This is written in response to a post by Anne Zelenka.
I've been talking about the coming "semantic graph" for quite some time now, and it seems the meme has suddenly caught on thanks to a recent article by Tim Berners-Lee in which he speaks of an emerging "Giant Global Graph" or "GGG." But if the GGG emerges it may or may not be semantic. For example social networks are NOT semantic today, even though they contain various kinds of links between people and other things.
So what makes a graph "semantic?" How is the semantic graph different from social networks like Facebook for example?
Many people think that the difference between a social graph and a semantic graph is that a semantic graph contains more types of nodes and links.
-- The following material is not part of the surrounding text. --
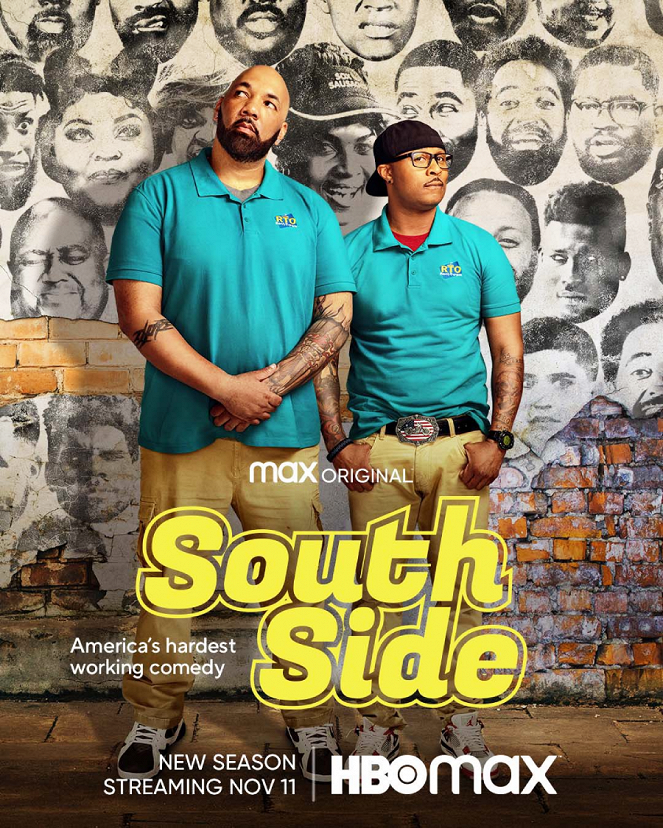 South Side - Season 2 - Plagáty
That's potentially true, but not always the case. In fact, you can make a semantic social graph or a non-semantic social graph. The concept of whether a graph is semantic is orthogonal to whether it is social.
A graph is "semantic" if the meaning of the graph is defined and exposed in an open and machine-understandable fashion. In other words, a graph is semantic if the semantics of the graph are part of the graph or at least connected from the graph. This can be accomplished by representing a social graph using RDF and OWL, the languages of the Semantic Web.
Today most social networks are non-semantic, but it is relatively easy to transform them into semantic graphs. A simple way to make any non-semantic social graph into a semantic social graph is to use the FOAF ontology to define the entities and links in the graph.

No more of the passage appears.